4.8. Biochemical Analyses

Alanine aminotransferase (ALT), aspartate aminotransferase (AST), alkaline phosphatase (ALP), lactate dehydrogenase (LDH), cholinesterase (CHE), total cholesterol (TC), triglycerides (TG), low-density lipoprotein-cholesterol (LDL) and high-density lipoprotein-cholesterol (HDL) were determined by standard laboratory procedures.

4.9. Histological Analysis of Liver Steatosis

Hepatic steatosis was assessed by Oil Red O staining of OCT-embedded cryosections. Briefly, liver sections were fixed in 60% isopropanol for 10 min and stained with 60% Oil Red O for 30 min and subsequently washed with 60% isopropanol. Sections were counterstained with Gill’s hematoxylin, washed with 4% acetic acid solution and mounted with an aqueous solution.
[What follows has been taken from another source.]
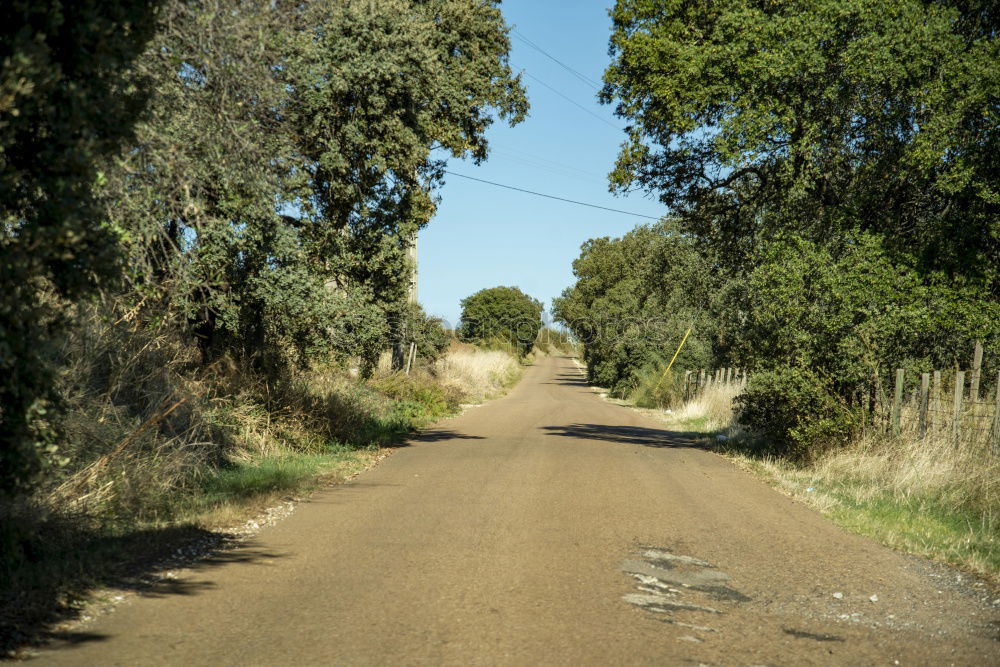 Similar – Road on Kangaroo Island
The sections were observed under the microscope.

4.10. Liver Hematoxylin and Eosin Staining

The left lobe of liver was collected after the mice were killed and put into a 4% formaldehyde buffer. The tissues were embedded in paraffin, sliced and stained with hematoxylin and eosin. The slices were observed with a light microscope.

4.11. Fibrosis Histology

Liver and WAT samples were fixed in 10% formalin, embedded in paraffin, cut into 5 μm sections and stained with hematoxylin-eosin (H&E) at the Pathology Department of the Hospital Clinic. Fibrosis was assessed by Masson’s trichrome staining at the Pathology Department of the Hospital Clinic. Sections were visualized at 100× magnification under a microscope.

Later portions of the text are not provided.